JDBC Connector (Source and Sink) for Confluent Platform

You can use the Kafka Connect JDBC Source connector to import data from any relational database with a JDBC driver into Apache Kafka® topics. You can use the JDBC Sink connector to export data from Kafka topics to any relational database with a JDBC driver. The JDBC connector supports a wide variety of databases without requiring custom code for each one.

Install the JDBC Connector

You can install this connector by using the instructions or you can manually download the ZIP file.

Install the connector using Confluent Hub

Prerequisite
Confluent Hub Client must be installed. This is installed by default with Confluent Enterprise.

Navigate to your Confluent Platform installation directory and run the following command to install the latest (latest) connector version. The connector must be installed on every machine where Connect will run.

confluent-hub install confluentinc/kafka-connect-jdbc:latest

You can install a specific version by replacing latest with a version number. For example:

confluent-hub install confluentinc/kafka-connect-jdbc:10.0.0

Note

If you are running a multi-node Connect cluster, the JDBC connector and JDBC driver JARs must be installed on every Connect worker in the cluster. See below for details.

Install the connector manually

Download and extract the ZIP file for your connector and then follow the manual connector installation instructions.

License

This connector is available under the Confluent Community License.

Configuration Properties

For a complete list of configuration properties for the source connector, see JDBC Connector Source Connector Configuration Properties.

For a complete list of configuration properties for the sink connector, see JDBC Sink Connector Configuration Properties.

Note

For an example of how to get Kafka Connect connected to Confluent Cloud, see Distributed Cluster.

Installing JDBC Drivers

The JDBC Source and Sink connectors use the Java Database Connectivity (JDBC) API that enables applications to connect to and use a wide range of database systems. In order for this to work, the connectors must have a JDBC driver for the particular database systems you will use.

The connector comes with JDBC drivers for a few database systems, but before you use the connector with other database systems, you must install the most recent JDBC 4.0 drivers for those database systems. Although the details vary for each JDBC driver, the basic steps are:

  1. Find the JDBC 4.0 driver JAR file for each database system that will be used.
  2. Place these JAR files into the share/java/kafka-connect-jdbc directory in your Confluent Platform installation on each of the Connect worker nodes.
  3. Restart all of the Connect worker nodes.

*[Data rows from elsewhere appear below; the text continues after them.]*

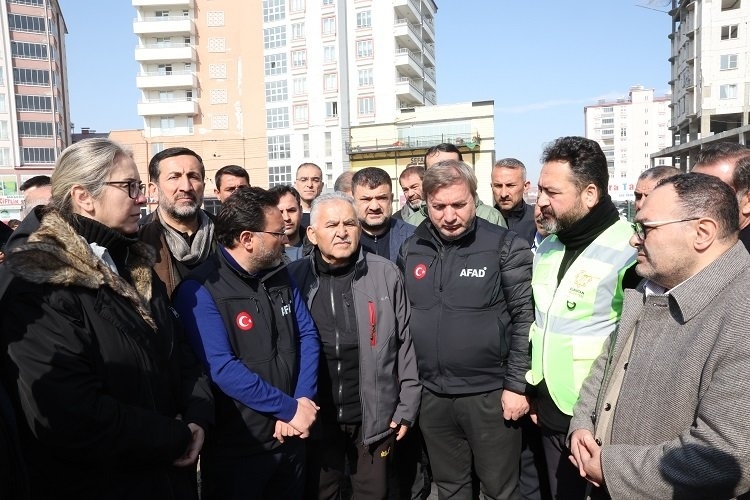 Kayseri Büyükşehir'den Elbistan'a  moral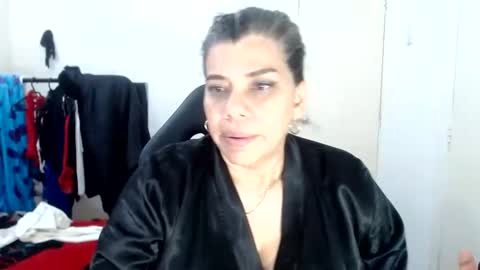 Snapshot of vikyadams chatting on March 6, 1:16 am VIKY ADAMS online show from March 6, 1:16 am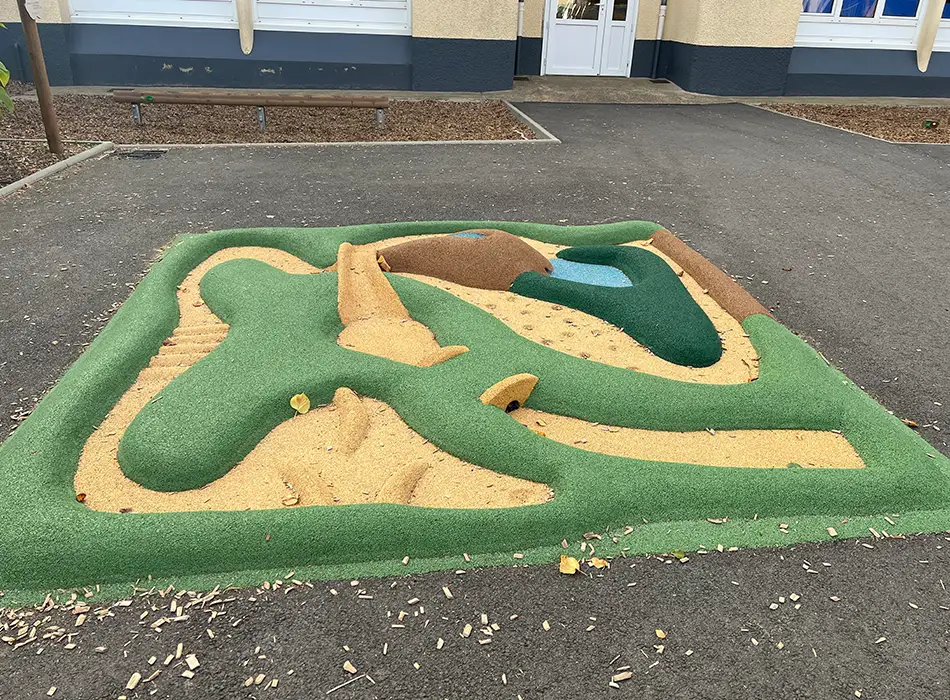 Nouveau circuit de billes dans la cour, École Saint Germain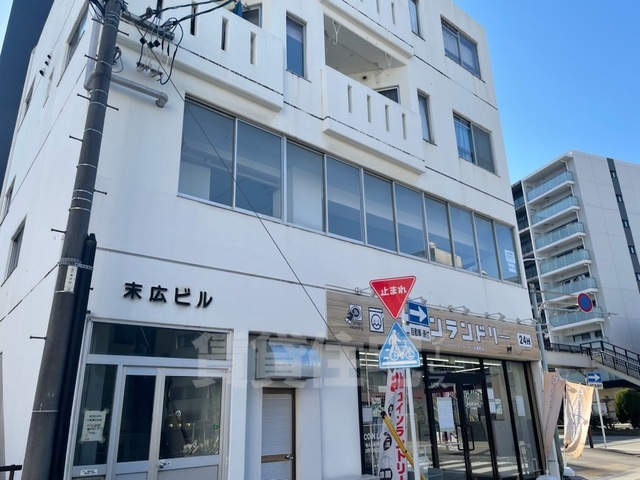 【名古屋市熱田区伝馬のマンションのエントランス】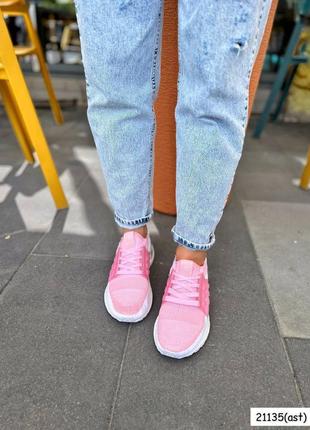 Рожеві жіночі спортивні кросівки тканеві текстильні2 фото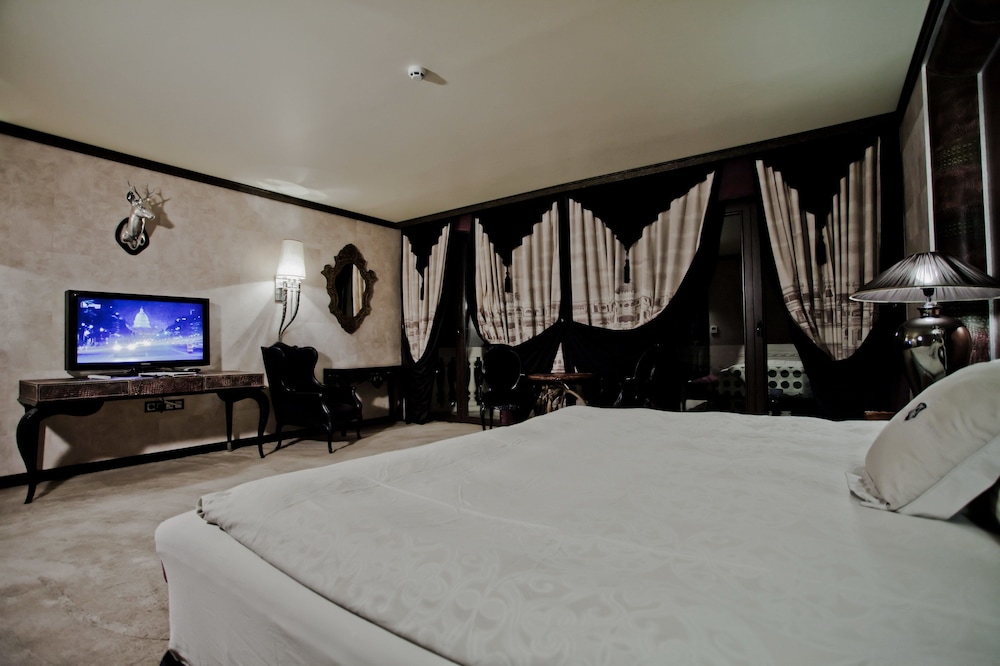 Royal Castle Design and Spa Hotel 8/50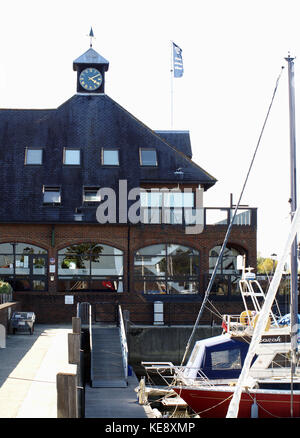 Salz Bar und Restaurant im Hythe Marina Village, Southampton, Hampshire, Großbritannien, Großbritannien Stockfoto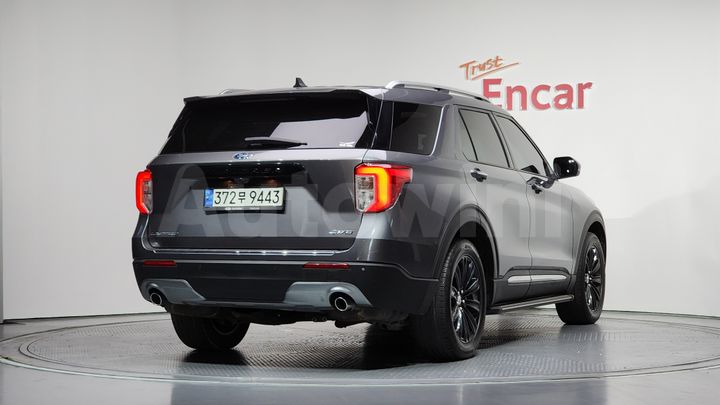 Ford Explorer 2021 — 2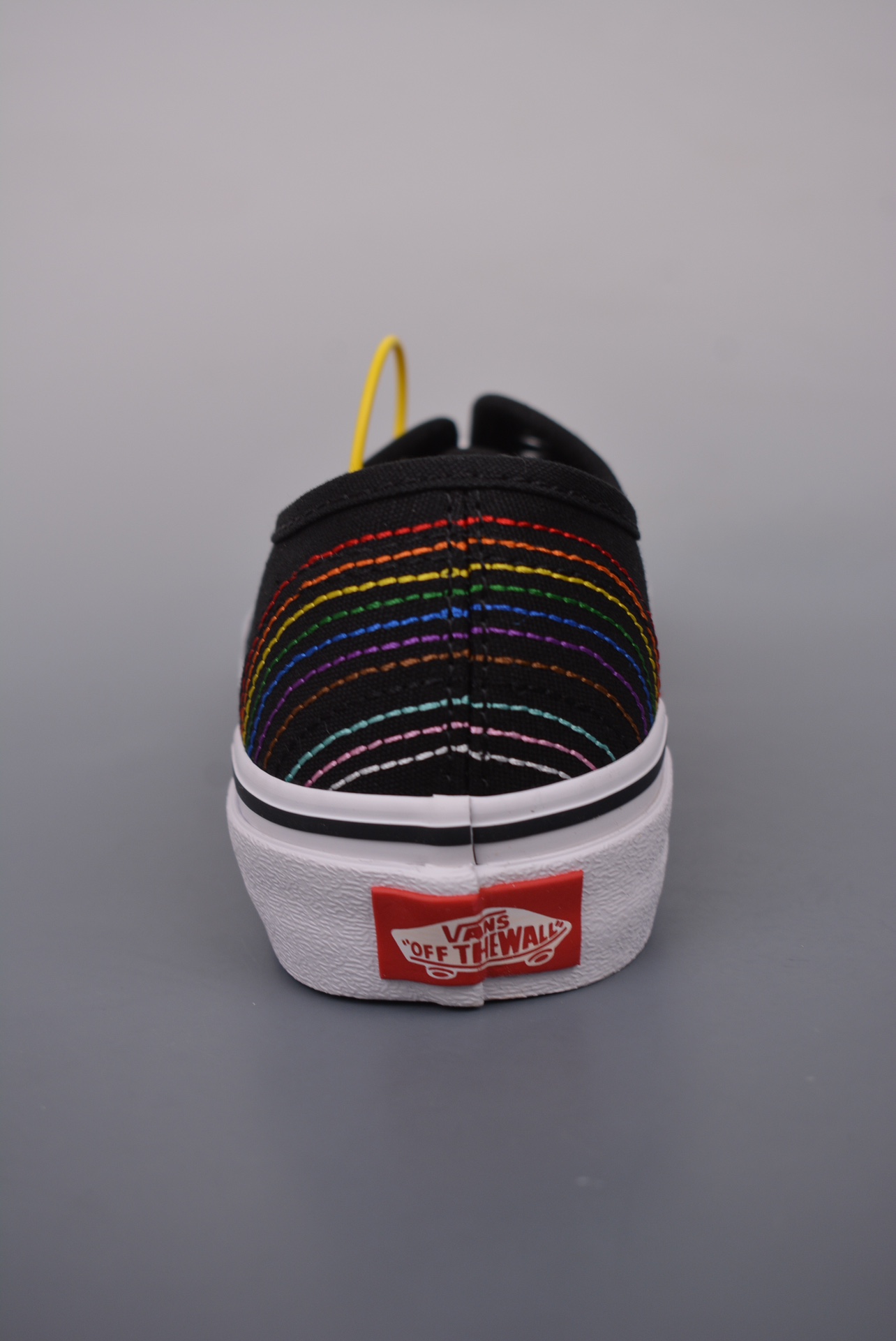 130 Vans Authentic 彩虹系列 Vans Classics 推出的 ”Love Wins” VN000EE3RNC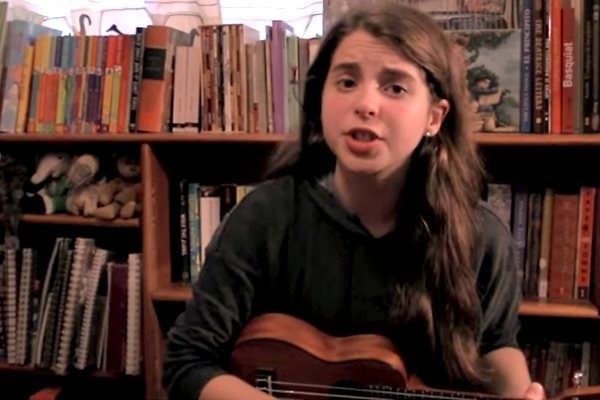 VIDEO: Niña dedica canción a Robben y Holanda tras eliminación del Tri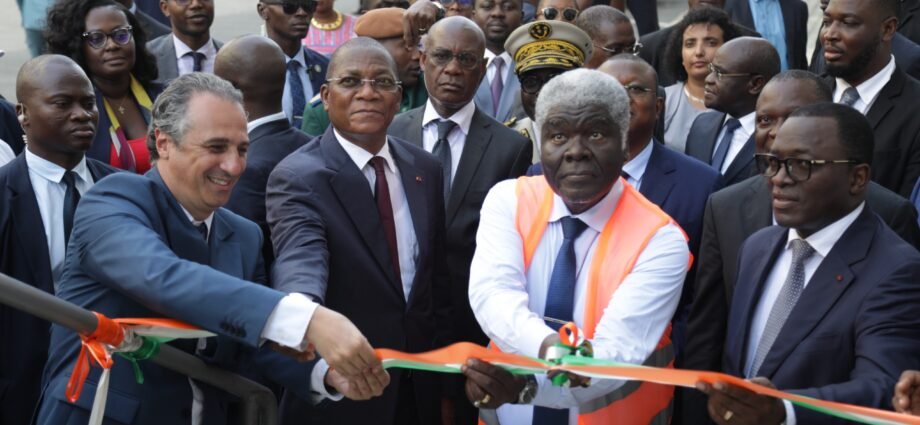 Logements sociaux : Le Premier ministre Mambé remet symboliquement des clés à 1 072 souscripteurs à Locodjro après Bassam et Bingerville 1 MAMBE 3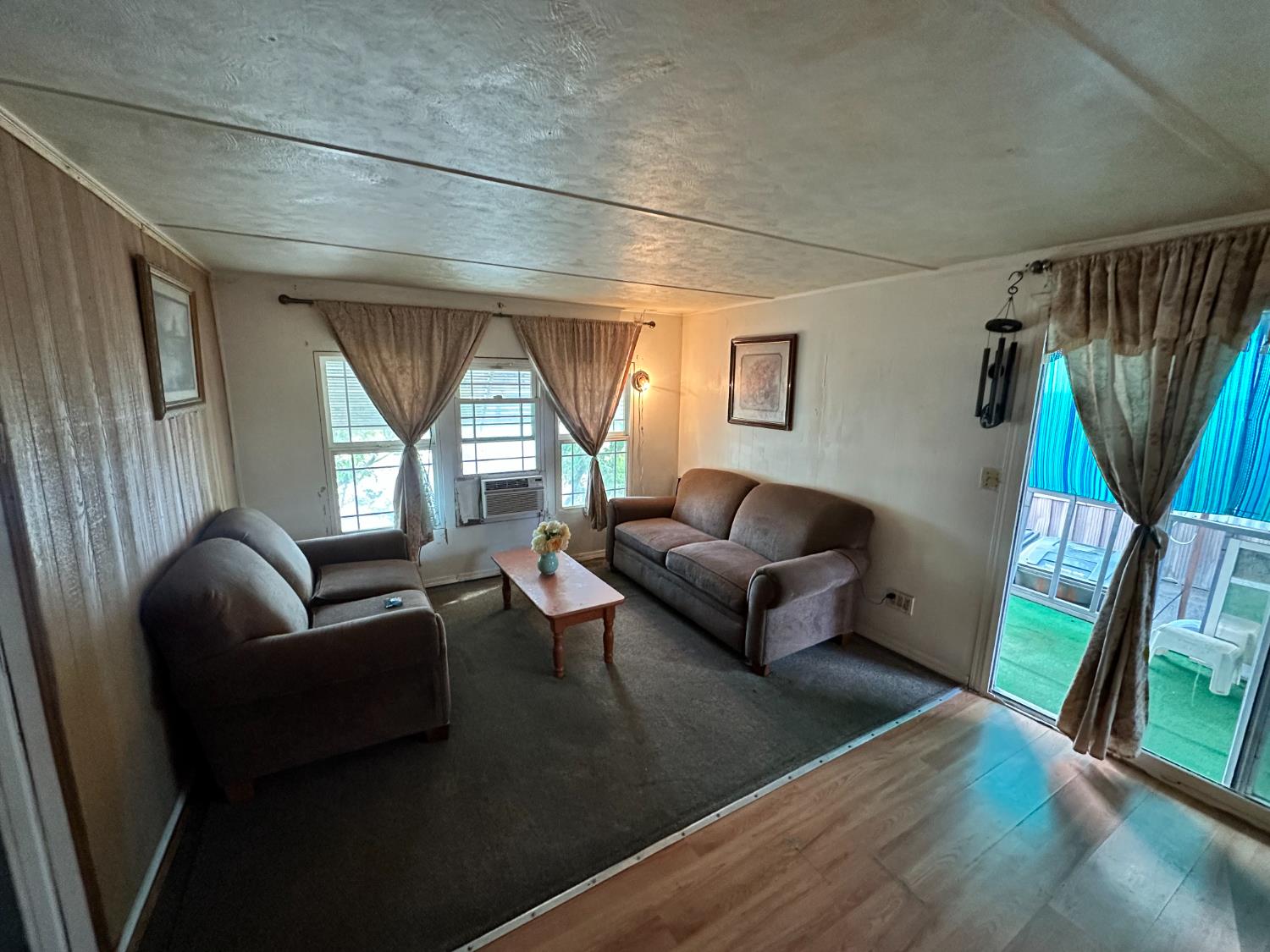 13010 Hickman St, Waterford, CA 95386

The rest of this section outlines the specific steps for more common database management systems.

General Guidelines

The following are additional guidelines to consider:

  • Use the most recent version of the JDBC 4.0 driver available. The latest version of a JDBC driver supports most versions of the database management system, and includes more bug fixes.
  • Use the correct JAR file for the Java version used to run Connect workers. Some JDBC drivers have a single JAR that works on multiple Java versions. Other drivers have one JAR for Java 8 and a different JAR for Java 10 or 11. Make sure to use the correct JAR file for the Java version in use. If you install and try to use the JDBC driver JAR file for the wrong version of Java, starting any JDBC Source connector or JDBC Sink connector will likely fail with UnsupportedClassVersionError. If this happens, remove the JDBC driver JAR file you installed and repeat the driver installation process with the correct JAR file.
  • The share/java/kafka-connect-jdbc directory mentioned above is for Confluent Platform. If you are using a different installation, find the location where the Confluent JDBC Source and Sink connector JAR files are located, and place the JDBC driver JAR file(s) for the target databases into the same directory.
  • If the JDBC driver specific to the database management system is not installed correctly, the JDBC Source or Sink connector will fail on startup. Typically, the system throws the error No suitable driver found. If this happens, install the JDBC driver again by following the instructions.

Microsoft SQL Server

The JDBC Source and Sink connectors include the open source jTDS JDBC driver and the open source Microsoft JDBC driver to read from and write to Microsoft SQL Server. Because the JDBC 4.0 driver is included, no additional steps are necessary before running a connector to Microsoft SQL Server.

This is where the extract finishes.